Normally, any process definition will contain at least one yield statement. By doing so, the component can hand-back control to the simulation engine at defined points when a component needs to wait. Typically, the user must not use yield directly, but rather the provided process interaction methods.

2. Extend repeatedProcess

Another very common pattern when writing down process definitions, iteratively executed processes. This could be modelled directly as described above using process. But as shown in the following example, this lacks somewhat lacks conciseness: 

class Machine : Component(){
    override fun process() = sequence {
        while(true) {
          wait(hasMaterial)
          hold(7, "drilling")
        }
    }
}

Luckily, this can be expressed more elegantly with repeatedProcess:

class Machine : Component(){
    override fun repeatedProcess() = sequence {
        wait(hasMaterial)
        hold(7, "drilling")
    }
}

3. Process Reference

A component may be initialized to start at another process definition method. This is achieved by passing a reference to this method which must be part of the component's class definition, like val car = Car(process = Car::wash).

It is also possible to prepare multiple process definition, which may become active later by means of an activate() statement:

////CraneProcess.kts
import org.kalasim.*

class Crane(
    process: GeneratorFunRef? = Component::process
) : Component(process = Crane::load) {
    fun unload() = sequence<Component> {
        // hold, request, wait ...
    }

    fun load() = sequence<Component> {
        // hold, request, wait ...
    }
}

createSimulation {
    val crane1 = Crane() // load will be activated be default

    val crane2 = Crane(process = Crane::load) // force unloading at start

    val crane3 = Crane(process = Crane::unload) // force unloading at start
    crane3.activate(process = Crane::load) // activate other process
}

Effectively, creation and start of crane1 and crane2 is the same.

Inlining Subprocesses

To run/consume/inline another process definition, we can useyieldAll(subProcess()) to inline subProcess() defined for the same component. This allows to inline the entire process definition in a blocking manner. Here's an example how to do so:

//import org.kalasim.*
import kotlin.time.Duration.Companion.minutes

createSimulation {
    enableComponentLogger()

    object : Component() {

        override fun process() = sequence {
            hold(1.minute)
            // to consume the sub-process we use yieldAll
            yieldAll(subProcess())
            // it will continue here after the sub-process has been consumed
            hold(2.minutes)
        }

        fun subProcess(): Sequence<Component> = sequence {
            hold(3.minutes)
        }
    }

    run()
}

Toggling processes

It's a very effective tool in discrete simulation, to toggle the process definition of a component at runtime. Using activate() we can toggle processes very effectively in a simulation model. There are 3 ways to do so

  1. From with a component's process defintion
  2. Within another component process defintion
  3. Outside of any process definition.

The following example illustrates these examples as well as process inlining:

////Restaurant.kts
import org.kalasim.*
import kotlin.time.Duration.Companion.hours
import kotlin.time.Duration.Companion.minutes

data class Recipe(val name: String) {
    override fun toString() = name
}

class Customer : Component() {
    val restaurant  = get<Restaurant>()

    override fun process() = sequence<Component> {
        hold(3.hours + 15.minutes) // arrive somewhen

        restaurant.activate(process=Restaurant::cookSomething, Recipe("pasta"))

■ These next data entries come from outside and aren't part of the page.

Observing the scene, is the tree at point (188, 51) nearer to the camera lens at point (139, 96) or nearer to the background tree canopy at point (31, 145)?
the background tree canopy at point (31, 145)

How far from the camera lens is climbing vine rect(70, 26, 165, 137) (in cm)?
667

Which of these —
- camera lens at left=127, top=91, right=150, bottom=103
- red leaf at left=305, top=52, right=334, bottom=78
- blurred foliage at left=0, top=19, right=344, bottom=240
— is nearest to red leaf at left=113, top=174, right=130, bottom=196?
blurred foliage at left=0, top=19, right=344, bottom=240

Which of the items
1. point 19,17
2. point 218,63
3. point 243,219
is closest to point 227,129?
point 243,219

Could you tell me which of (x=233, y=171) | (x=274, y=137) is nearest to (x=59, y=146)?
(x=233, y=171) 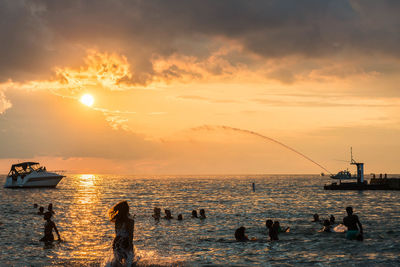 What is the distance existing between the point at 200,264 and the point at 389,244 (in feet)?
43.0

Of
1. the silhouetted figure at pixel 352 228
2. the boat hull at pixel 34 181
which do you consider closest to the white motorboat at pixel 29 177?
the boat hull at pixel 34 181

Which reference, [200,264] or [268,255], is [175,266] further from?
[268,255]

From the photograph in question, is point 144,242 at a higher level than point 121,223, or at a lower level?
lower

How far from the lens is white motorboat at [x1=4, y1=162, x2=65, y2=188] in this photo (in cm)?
12200

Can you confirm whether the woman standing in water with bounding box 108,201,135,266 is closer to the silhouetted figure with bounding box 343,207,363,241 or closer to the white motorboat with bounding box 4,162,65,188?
the silhouetted figure with bounding box 343,207,363,241

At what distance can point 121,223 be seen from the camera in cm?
1346

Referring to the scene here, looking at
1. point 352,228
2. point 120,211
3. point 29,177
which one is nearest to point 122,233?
point 120,211

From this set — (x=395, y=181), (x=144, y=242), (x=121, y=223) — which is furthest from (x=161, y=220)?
(x=395, y=181)

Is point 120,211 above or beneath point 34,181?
above

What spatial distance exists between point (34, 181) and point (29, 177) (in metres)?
2.41

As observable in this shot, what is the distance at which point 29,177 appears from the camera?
122 m

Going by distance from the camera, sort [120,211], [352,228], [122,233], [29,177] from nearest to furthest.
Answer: [120,211]
[122,233]
[352,228]
[29,177]

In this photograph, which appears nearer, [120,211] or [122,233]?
[120,211]

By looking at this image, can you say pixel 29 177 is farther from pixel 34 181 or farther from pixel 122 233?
pixel 122 233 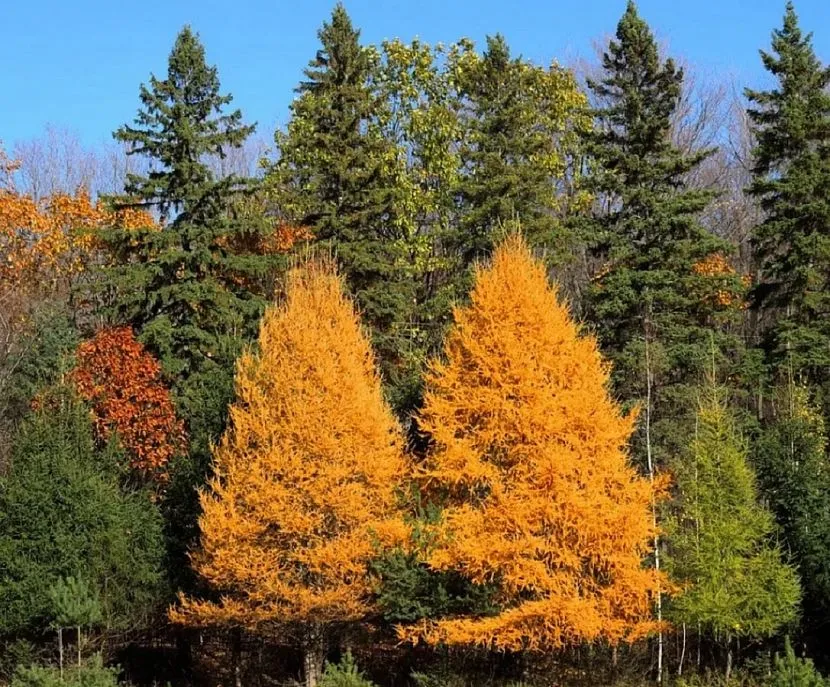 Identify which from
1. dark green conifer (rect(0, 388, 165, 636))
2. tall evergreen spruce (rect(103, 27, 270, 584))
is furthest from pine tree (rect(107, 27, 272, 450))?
dark green conifer (rect(0, 388, 165, 636))

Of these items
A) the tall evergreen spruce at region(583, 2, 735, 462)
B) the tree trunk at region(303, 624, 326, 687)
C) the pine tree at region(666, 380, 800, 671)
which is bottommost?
the tree trunk at region(303, 624, 326, 687)

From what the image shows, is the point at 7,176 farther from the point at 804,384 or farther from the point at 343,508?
the point at 804,384

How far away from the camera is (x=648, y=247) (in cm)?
A: 2497

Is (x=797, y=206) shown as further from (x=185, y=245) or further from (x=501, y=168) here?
(x=185, y=245)

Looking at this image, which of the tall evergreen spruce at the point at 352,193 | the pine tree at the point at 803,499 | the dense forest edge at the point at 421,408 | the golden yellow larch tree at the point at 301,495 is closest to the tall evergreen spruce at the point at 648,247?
the dense forest edge at the point at 421,408

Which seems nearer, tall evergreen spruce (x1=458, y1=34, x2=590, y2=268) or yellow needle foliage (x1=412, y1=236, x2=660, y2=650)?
yellow needle foliage (x1=412, y1=236, x2=660, y2=650)

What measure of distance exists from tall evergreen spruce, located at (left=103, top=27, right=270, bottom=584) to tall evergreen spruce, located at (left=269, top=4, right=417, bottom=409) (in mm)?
2147

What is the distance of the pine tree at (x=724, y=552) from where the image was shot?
735 inches

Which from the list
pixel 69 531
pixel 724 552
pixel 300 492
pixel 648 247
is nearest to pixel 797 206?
pixel 648 247

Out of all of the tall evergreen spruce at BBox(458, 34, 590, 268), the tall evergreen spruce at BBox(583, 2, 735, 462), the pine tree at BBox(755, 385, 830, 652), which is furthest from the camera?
the tall evergreen spruce at BBox(458, 34, 590, 268)

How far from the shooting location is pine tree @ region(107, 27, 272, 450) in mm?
25359

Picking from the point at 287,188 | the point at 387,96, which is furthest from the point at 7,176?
the point at 387,96

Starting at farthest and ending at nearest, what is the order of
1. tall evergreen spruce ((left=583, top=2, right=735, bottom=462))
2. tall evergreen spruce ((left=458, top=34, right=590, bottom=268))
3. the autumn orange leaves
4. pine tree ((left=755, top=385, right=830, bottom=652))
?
tall evergreen spruce ((left=458, top=34, right=590, bottom=268)) < tall evergreen spruce ((left=583, top=2, right=735, bottom=462)) < pine tree ((left=755, top=385, right=830, bottom=652)) < the autumn orange leaves

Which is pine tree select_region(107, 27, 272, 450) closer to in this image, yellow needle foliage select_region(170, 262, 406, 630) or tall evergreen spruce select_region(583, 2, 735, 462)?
yellow needle foliage select_region(170, 262, 406, 630) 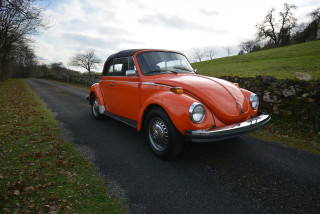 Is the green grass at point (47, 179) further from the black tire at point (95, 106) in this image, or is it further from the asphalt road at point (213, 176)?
the black tire at point (95, 106)

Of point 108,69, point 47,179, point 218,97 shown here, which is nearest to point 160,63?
point 218,97

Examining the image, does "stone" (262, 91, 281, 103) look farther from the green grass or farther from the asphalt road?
the green grass

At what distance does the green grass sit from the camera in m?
2.11

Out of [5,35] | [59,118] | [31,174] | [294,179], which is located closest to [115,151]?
[31,174]

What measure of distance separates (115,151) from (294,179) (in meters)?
3.06

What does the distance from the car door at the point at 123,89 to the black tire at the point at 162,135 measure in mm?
653

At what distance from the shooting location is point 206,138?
256 centimetres

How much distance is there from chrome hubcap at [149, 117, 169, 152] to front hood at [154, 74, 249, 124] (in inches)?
28.8

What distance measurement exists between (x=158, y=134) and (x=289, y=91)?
13.3 feet

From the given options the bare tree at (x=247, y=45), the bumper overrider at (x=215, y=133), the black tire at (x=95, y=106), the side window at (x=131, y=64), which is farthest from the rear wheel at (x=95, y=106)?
the bare tree at (x=247, y=45)

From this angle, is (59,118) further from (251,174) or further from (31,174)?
(251,174)

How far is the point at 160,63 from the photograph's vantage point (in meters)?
3.90

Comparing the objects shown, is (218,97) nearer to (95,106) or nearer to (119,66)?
(119,66)

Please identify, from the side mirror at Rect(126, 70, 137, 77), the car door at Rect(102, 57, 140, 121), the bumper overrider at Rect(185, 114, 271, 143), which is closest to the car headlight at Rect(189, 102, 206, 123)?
the bumper overrider at Rect(185, 114, 271, 143) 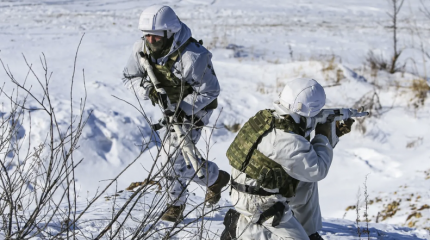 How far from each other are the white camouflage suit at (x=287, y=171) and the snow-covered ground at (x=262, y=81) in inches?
18.5

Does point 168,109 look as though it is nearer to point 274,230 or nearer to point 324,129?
point 324,129

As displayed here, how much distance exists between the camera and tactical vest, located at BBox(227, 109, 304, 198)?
3.12 meters

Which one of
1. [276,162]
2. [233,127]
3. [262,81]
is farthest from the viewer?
[262,81]

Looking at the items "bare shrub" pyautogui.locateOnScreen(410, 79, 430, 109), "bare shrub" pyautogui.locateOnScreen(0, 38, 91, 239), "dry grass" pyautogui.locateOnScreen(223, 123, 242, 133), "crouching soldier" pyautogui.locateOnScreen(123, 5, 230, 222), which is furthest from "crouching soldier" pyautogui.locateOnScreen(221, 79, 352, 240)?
"bare shrub" pyautogui.locateOnScreen(410, 79, 430, 109)

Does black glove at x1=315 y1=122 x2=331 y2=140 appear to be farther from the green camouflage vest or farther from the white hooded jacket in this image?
the green camouflage vest

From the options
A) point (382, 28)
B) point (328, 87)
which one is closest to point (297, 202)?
point (328, 87)

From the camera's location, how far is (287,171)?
315 cm

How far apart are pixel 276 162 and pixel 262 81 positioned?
7.05 meters

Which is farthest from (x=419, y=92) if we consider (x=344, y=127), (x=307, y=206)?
(x=307, y=206)

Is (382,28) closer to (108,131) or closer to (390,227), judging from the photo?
(108,131)

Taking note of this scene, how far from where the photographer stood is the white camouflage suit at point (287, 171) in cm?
308

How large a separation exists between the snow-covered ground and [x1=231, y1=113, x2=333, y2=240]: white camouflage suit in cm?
47

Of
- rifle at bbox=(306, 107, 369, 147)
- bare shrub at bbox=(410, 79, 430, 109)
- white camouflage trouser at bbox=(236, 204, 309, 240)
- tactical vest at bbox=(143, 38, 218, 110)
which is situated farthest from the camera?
bare shrub at bbox=(410, 79, 430, 109)

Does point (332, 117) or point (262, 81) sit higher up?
point (262, 81) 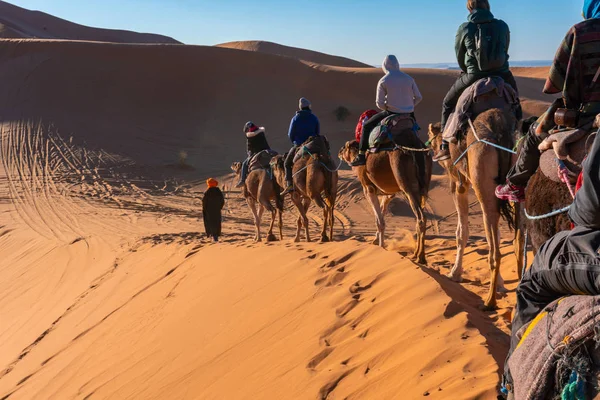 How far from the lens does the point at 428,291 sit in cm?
613

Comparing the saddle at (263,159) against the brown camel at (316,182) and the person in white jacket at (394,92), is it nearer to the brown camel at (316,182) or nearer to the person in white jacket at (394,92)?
the brown camel at (316,182)

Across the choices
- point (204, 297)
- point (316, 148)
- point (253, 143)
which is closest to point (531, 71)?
point (253, 143)

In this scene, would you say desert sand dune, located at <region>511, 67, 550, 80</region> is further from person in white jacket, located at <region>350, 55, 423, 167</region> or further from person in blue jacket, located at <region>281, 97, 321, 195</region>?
person in white jacket, located at <region>350, 55, 423, 167</region>

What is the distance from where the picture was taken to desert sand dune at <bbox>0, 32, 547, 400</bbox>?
5.33m

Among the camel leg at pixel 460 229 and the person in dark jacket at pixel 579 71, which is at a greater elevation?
the person in dark jacket at pixel 579 71

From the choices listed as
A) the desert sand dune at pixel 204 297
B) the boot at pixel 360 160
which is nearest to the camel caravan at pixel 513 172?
the boot at pixel 360 160

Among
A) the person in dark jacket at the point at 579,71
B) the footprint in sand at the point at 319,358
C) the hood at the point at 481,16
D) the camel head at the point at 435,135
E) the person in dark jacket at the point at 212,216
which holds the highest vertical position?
the hood at the point at 481,16

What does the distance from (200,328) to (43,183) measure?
777 inches

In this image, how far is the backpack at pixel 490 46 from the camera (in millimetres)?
7410

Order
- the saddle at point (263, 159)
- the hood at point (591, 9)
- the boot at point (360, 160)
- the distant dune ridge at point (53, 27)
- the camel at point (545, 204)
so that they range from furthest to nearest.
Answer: the distant dune ridge at point (53, 27)
the saddle at point (263, 159)
the boot at point (360, 160)
the camel at point (545, 204)
the hood at point (591, 9)

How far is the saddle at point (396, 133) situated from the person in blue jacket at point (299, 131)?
317 cm

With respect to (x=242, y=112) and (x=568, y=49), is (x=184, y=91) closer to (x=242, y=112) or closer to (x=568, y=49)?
(x=242, y=112)

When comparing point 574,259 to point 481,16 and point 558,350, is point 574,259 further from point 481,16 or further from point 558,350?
point 481,16

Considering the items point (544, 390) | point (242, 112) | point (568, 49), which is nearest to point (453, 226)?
point (568, 49) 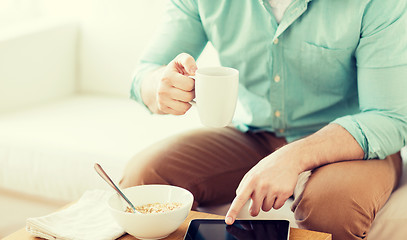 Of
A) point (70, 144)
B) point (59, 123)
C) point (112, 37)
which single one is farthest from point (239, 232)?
point (112, 37)

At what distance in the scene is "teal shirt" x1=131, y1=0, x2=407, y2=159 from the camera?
1.29 m

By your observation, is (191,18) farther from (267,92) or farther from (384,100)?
(384,100)

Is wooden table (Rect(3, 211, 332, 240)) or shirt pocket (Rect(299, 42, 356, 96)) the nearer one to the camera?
wooden table (Rect(3, 211, 332, 240))

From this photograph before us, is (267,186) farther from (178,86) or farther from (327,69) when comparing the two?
(327,69)

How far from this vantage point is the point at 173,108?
4.12 feet

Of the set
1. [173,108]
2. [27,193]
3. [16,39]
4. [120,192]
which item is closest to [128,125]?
[27,193]

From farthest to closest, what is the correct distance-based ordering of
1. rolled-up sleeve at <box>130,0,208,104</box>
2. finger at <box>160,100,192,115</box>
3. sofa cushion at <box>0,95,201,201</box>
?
sofa cushion at <box>0,95,201,201</box>
rolled-up sleeve at <box>130,0,208,104</box>
finger at <box>160,100,192,115</box>

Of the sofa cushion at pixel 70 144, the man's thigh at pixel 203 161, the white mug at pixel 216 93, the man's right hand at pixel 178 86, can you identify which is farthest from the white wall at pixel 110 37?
the white mug at pixel 216 93

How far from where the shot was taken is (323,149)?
4.06 ft

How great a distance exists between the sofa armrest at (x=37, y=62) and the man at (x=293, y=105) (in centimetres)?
77

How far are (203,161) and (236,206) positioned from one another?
0.37 m

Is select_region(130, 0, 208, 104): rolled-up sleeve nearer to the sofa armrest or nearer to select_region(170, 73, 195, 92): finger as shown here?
select_region(170, 73, 195, 92): finger

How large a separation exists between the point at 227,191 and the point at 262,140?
7.2 inches

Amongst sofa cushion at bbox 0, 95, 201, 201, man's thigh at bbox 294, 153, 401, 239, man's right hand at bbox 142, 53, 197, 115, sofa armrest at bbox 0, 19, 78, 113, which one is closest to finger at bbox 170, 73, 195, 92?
man's right hand at bbox 142, 53, 197, 115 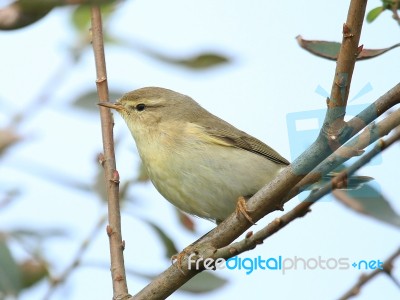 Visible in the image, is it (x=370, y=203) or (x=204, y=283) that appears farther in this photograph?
(x=204, y=283)

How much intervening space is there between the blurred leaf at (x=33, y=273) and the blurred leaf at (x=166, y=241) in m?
0.57

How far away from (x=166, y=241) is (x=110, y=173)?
1.86ft

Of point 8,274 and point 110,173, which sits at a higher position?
point 110,173

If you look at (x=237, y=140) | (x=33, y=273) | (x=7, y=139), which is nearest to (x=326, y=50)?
(x=7, y=139)

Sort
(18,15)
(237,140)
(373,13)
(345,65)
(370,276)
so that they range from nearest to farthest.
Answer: (18,15) < (345,65) < (370,276) < (373,13) < (237,140)

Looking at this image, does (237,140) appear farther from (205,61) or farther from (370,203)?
(370,203)

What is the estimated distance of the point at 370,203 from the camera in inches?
88.0

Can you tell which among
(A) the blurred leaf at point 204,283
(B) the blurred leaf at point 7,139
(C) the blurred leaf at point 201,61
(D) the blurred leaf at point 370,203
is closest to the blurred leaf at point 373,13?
(C) the blurred leaf at point 201,61

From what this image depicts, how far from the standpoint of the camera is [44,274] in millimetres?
3051

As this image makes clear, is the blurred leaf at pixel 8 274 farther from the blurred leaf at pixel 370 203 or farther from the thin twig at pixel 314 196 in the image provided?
the blurred leaf at pixel 370 203

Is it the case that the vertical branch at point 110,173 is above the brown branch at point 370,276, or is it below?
above

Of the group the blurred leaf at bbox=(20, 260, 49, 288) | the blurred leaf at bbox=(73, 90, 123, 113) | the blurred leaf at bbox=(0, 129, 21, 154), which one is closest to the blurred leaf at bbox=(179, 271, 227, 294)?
the blurred leaf at bbox=(20, 260, 49, 288)

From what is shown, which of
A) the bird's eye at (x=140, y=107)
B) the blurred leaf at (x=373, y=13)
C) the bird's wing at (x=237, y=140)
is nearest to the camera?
the blurred leaf at (x=373, y=13)

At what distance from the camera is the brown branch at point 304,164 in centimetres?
181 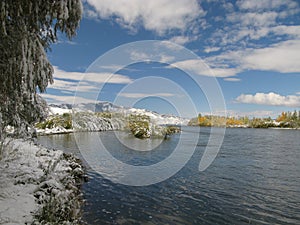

        hold(30.minutes,"drink something while waiting for food")

        // wait for the food preparation to complete
        join(restaurant)

        //order something else
        restaurant.activate(process=Restaurant::specialOffer)
    }
}

class Restaurant : Component() {

    override fun process(): Sequence<Component> = sequence {
        hold(2.hours, "opening restaurant")
    }

    fun cookSomething(recipe: Recipe) = sequence {
        hold(10.minutes, "preparing $recipe")

        log("dinner's ready! I am serving $recipe today")
    }

    fun specialOffer(): Sequence<Component> = sequence {
        hold(5.minutes, "selecting dish of the day")

        // We can activate another process from within a process definition
        // Provide a recipe, set the `spicy` flag and delay activation by 5 minutes
        activate(::cookSomethingSpecial, Recipe("cake"), true, delay = 5.minutes)
    }

    fun cookSomethingSpecial(recipe: Recipe, spicy: Boolean) = sequence {
        hold(20.minutes, "preparing $recipe ...")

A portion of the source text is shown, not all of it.